Usuńmam facelle jest spoko ;D
OdpowiedzUsuńO, serum L'oreal mam i bardzo sobie chwalę :)
OdpowiedzUsuńUżywam sporo olejków: arganowy, łopianowy, rycynowy, kokosowy, amla i jeszcze inne. Szamponu typu "rypacz" nie potrzebuję :D moje włosy są tak suche, że nawet ołowiana odżywka ich nie obciąży :P
OdpowiedzUsuńmiałam barwę żurawinową :) plącze moje włosy, ale dla zapachu kupiłabym ponownie ;)
OdpowiedzUsuńnie posiadam odżywki bez spłukiwania- moje włosy zbyt szybko się po niej przetłuszczają
OdpowiedzUsuńdo listy dodałabym Tangle Teezer albo szczotkę z naturalnego włosia
Ja odkąd regularnie olejuje to bez spłukiwania używam sporadycznie, bo zwyczajnie włosy się tak nie plączą i nie mam potrzeby. Tangle Tezzer jest na mojej wishliście :)
UsuńHmm ja dodaje masaz glowy:-)
OdpowiedzUsuńU mnie nie może zabraknąć szamponu Barwy i Babydream :)
OdpowiedzUsuńciekawy post :) trochę się podszkoliłam... masz piękny nagłówek :)
OdpowiedzUsuńNiby nie jestem włosomaniaczką, ale wszystko mam! :) Nawet niedawno kupiłam Facelle, chociaż nie używałam go jeszcze do włosów. Trochę się zawsze obawiam też tych odżywek bez spłukiwania i rozważnie je dobieram, ale faktycznie ułatwiają rozczesywanie włosów.
OdpowiedzUsuńZdecydowanie serum na końcówki!
OdpowiedzUsuńJa wczoraj pierwszy raz olejowałam włosy i jestem zachwycona :) Na szczęście moje włosy nie są jakoś bardzo wymagające i wystarczy dobra odżywka i szampon.

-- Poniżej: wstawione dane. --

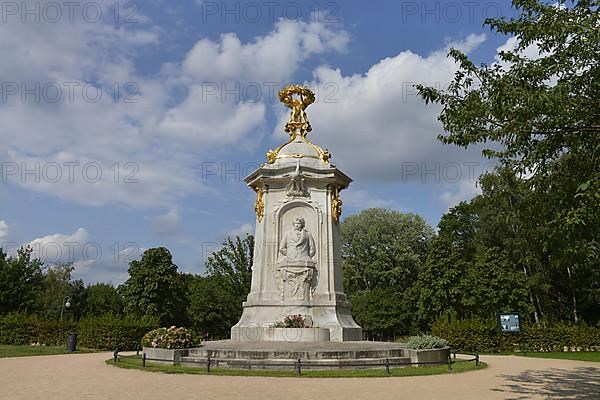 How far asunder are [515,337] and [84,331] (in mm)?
23972

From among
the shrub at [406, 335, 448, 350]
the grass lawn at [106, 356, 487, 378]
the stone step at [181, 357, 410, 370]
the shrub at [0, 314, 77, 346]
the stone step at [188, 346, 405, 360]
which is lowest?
the grass lawn at [106, 356, 487, 378]

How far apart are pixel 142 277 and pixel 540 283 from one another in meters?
31.6

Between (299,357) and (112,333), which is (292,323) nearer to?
(299,357)

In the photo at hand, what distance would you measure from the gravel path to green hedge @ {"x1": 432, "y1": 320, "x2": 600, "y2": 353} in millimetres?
12252

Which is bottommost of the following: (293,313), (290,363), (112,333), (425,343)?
(290,363)

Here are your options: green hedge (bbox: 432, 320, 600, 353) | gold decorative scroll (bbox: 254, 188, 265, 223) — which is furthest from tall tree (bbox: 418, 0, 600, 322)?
green hedge (bbox: 432, 320, 600, 353)

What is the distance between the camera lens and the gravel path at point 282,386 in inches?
418

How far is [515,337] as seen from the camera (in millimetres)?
28328

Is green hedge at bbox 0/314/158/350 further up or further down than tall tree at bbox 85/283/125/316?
further down

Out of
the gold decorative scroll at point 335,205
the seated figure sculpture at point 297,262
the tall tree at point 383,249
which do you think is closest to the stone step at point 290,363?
the seated figure sculpture at point 297,262

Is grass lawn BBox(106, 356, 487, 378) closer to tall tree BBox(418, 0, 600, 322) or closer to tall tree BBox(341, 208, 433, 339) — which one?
tall tree BBox(418, 0, 600, 322)

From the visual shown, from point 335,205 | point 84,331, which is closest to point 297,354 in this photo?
point 335,205

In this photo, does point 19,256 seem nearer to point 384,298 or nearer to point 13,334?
point 13,334

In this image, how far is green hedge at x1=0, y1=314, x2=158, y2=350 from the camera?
27.8 metres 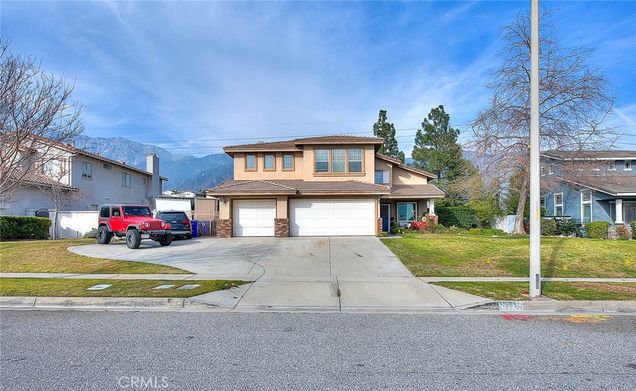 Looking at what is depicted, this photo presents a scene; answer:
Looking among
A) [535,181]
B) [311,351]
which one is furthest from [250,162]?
[311,351]

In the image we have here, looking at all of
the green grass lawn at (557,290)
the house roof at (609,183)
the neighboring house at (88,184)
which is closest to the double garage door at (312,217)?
the neighboring house at (88,184)

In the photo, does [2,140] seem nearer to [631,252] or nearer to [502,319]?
[502,319]

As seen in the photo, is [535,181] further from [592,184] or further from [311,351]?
[592,184]

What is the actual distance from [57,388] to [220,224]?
19.7 m

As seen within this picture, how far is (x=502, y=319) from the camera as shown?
744 centimetres

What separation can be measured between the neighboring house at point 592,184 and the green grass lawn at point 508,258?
7.74 m

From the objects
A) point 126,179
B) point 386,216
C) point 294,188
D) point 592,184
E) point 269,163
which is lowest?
point 386,216

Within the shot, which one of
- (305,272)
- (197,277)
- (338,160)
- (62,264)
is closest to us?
(197,277)

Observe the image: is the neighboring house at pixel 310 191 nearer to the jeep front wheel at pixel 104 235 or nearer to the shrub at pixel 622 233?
the jeep front wheel at pixel 104 235

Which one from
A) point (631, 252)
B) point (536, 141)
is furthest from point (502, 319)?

Od dzisiaj dochodzi cotygodniowe olejowanie :D
OdpowiedzUsuńJa po regularnym olejowaniu widzę zmniejszoną porowatość włosów, więc warto :)
Usuńo vatice nie słyszałam nigdy ;) jestem zwolenniczką naturalnej pielęgnacji dlatego używam odżywek własnej roboty z oliwy z oliwek i żółtka, z drożdży i miodu i wiele innych które sama robię w domu. A włosy natłuszczam olejem arganowym :)

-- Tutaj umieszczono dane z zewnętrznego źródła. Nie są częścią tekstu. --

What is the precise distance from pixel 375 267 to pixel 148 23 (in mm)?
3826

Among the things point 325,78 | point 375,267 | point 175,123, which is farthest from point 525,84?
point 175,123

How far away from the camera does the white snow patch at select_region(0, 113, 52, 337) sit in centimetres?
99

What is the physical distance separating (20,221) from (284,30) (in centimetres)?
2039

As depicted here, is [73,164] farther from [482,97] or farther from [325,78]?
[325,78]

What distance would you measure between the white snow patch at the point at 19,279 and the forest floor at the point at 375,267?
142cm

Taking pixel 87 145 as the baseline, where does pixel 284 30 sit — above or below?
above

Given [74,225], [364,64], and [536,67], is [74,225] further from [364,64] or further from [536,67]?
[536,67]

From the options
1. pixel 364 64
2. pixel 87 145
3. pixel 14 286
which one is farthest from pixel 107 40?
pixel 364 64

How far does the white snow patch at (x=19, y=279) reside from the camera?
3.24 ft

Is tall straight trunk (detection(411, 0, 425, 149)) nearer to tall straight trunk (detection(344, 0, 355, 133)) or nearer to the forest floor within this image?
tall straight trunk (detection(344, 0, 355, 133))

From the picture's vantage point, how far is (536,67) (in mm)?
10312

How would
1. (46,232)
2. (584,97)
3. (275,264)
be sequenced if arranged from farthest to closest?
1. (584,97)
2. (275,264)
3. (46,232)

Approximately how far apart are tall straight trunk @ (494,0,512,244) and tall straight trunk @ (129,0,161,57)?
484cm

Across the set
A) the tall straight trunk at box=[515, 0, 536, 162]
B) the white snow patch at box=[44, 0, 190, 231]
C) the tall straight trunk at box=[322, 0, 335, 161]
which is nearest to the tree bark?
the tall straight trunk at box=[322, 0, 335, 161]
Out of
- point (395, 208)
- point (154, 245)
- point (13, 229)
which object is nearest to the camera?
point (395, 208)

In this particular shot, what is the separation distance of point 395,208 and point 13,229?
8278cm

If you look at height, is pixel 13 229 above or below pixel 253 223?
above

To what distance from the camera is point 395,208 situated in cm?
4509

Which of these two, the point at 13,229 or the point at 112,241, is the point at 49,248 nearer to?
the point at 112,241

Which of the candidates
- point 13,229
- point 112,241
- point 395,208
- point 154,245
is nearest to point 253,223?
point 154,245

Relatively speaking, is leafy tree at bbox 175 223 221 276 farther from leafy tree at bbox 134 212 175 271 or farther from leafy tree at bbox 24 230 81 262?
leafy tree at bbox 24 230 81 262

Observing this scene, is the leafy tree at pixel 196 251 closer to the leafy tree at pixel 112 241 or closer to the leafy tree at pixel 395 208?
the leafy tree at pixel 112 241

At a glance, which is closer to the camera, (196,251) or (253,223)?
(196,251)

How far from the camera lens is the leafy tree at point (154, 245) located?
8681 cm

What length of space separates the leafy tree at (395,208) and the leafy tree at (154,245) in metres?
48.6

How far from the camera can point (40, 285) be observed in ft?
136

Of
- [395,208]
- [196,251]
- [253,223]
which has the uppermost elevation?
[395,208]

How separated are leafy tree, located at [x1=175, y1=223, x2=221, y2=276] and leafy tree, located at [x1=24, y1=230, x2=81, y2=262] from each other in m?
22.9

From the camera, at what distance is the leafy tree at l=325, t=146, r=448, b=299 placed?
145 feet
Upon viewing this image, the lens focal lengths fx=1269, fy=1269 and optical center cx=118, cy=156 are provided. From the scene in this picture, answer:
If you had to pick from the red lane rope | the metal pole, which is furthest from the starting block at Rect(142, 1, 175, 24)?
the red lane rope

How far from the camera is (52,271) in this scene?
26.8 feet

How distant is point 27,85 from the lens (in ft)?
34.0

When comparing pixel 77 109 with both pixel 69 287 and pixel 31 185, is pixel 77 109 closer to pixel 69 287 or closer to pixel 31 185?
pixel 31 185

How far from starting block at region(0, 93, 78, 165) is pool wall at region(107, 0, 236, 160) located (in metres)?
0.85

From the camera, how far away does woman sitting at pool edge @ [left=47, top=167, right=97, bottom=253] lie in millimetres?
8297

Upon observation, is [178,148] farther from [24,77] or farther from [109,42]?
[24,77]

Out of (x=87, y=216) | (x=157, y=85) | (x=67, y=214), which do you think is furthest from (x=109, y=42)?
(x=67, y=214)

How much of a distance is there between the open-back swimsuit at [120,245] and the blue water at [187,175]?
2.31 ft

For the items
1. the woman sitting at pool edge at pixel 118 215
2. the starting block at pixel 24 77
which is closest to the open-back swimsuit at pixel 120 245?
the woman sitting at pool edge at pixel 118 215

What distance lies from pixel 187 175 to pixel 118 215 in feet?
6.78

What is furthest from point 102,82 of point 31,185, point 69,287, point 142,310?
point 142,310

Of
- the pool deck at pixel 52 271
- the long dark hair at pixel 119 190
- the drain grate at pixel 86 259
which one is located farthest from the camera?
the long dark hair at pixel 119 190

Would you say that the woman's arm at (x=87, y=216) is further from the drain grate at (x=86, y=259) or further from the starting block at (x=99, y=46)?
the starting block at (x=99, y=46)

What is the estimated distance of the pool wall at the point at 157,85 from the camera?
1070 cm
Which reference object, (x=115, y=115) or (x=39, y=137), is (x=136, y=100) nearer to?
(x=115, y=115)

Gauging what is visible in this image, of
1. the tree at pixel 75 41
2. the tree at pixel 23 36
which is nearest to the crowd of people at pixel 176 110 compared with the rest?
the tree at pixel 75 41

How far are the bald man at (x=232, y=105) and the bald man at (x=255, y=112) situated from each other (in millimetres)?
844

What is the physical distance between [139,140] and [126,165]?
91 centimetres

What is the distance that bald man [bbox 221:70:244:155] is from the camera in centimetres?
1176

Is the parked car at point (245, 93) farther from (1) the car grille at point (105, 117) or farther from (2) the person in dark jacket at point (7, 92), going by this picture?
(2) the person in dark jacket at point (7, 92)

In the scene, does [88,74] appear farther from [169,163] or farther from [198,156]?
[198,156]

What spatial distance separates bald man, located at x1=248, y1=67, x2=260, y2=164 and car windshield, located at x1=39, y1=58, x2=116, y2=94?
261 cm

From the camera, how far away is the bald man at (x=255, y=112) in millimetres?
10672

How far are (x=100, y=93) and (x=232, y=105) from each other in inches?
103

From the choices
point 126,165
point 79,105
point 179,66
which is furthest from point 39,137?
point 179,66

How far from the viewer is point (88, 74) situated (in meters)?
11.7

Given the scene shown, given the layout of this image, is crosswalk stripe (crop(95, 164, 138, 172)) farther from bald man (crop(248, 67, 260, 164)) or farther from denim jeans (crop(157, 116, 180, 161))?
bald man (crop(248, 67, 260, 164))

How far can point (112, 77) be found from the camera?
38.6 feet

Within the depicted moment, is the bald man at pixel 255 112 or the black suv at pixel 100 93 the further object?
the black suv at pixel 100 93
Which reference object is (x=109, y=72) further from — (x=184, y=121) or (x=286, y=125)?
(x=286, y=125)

OdpowiedzUsuńteż nie raz robiłam takie maseczki, chociaż przyznam, ze surowe jajo nieco mnie brzydzi :D
Usuńodżywka bez spłukiwania zdecydowanie! uwielbiam te z Gliss Kur :D
OdpowiedzUsuńu mnie oprócz tych wszystkich rzeczy bardzo ważne są wcierki np kozieradka i płukanki (rumianek lub bławatek) :)
OdpowiedzUsuńTo Kallossa stoi u mojej mamy na półce, ale jakos mój wzrok sie po niej ślizgał. Muszę spróbować...

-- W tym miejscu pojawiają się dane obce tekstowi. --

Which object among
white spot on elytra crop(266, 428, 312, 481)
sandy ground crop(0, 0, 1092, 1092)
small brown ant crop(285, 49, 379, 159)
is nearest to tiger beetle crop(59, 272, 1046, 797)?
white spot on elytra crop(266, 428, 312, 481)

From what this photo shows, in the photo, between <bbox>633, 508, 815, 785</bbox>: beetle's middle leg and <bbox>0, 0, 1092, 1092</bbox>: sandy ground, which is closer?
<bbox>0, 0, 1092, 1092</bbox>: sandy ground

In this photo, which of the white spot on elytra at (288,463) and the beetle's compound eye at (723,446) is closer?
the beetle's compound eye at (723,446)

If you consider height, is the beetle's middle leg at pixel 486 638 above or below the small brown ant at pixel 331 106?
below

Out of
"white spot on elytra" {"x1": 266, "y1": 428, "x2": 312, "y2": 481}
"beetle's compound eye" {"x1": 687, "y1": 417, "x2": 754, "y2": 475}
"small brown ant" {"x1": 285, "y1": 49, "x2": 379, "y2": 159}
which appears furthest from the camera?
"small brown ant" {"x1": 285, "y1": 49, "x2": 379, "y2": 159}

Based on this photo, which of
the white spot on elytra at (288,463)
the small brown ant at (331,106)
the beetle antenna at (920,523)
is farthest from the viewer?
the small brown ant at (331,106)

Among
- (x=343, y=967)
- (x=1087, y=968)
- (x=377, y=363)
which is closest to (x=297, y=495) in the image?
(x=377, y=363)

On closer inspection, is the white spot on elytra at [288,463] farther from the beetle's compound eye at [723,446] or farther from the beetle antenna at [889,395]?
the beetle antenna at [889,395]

OdpowiedzUsuńKiedyś dość często stosowałam wszelkich odżywek Gliss Kur, b.dobrze się sprawdzały, regenerowały włosy bardzo szybko, nadawały połysku i miękkości, ale odstąpiłam od nich jak zaczęłam gubić włosy.
OdpowiedzUsuńSerdecznie zapraszam do wzięcia udziału w moim rozdaniu: http://malinka24.blogspot.com/2014/03/rozdanie.html#comment-form
Ja nie mogę wyobrazić sobie pielęgnacji włosów bez udziału skrzypu polnego, rzodkwi czy rzepy :) Szampony z rzodkwi/rzepy należą do moich ulubionych produktów włosowych - myślę, że niejedna kobietka przyzna mi rację. Nie ma nic piękniejszego jak zapach świeżo umytych tymi szamponami włosów... W krytycznej sytuacji, gdy dla włosów już nie ma prostego ratunku, polecam preparat inneov densilogy - są to kapsułki, które należy zażywać przez okres minimum 3 miesięcy. Jest to bardzo dobra kuracja, dzięki której nasze włosy wzmocnią się, zaczną rosnąć, przestaną wypadać i ogólnie ich stan ulegnie znacznej i zauważalnej poprawie. O preparacie można przeczytać tutaj. Stosowałam i jestem mega zadowolona, dlatego polecam wszystkim, którzy mają duży problem z włosami.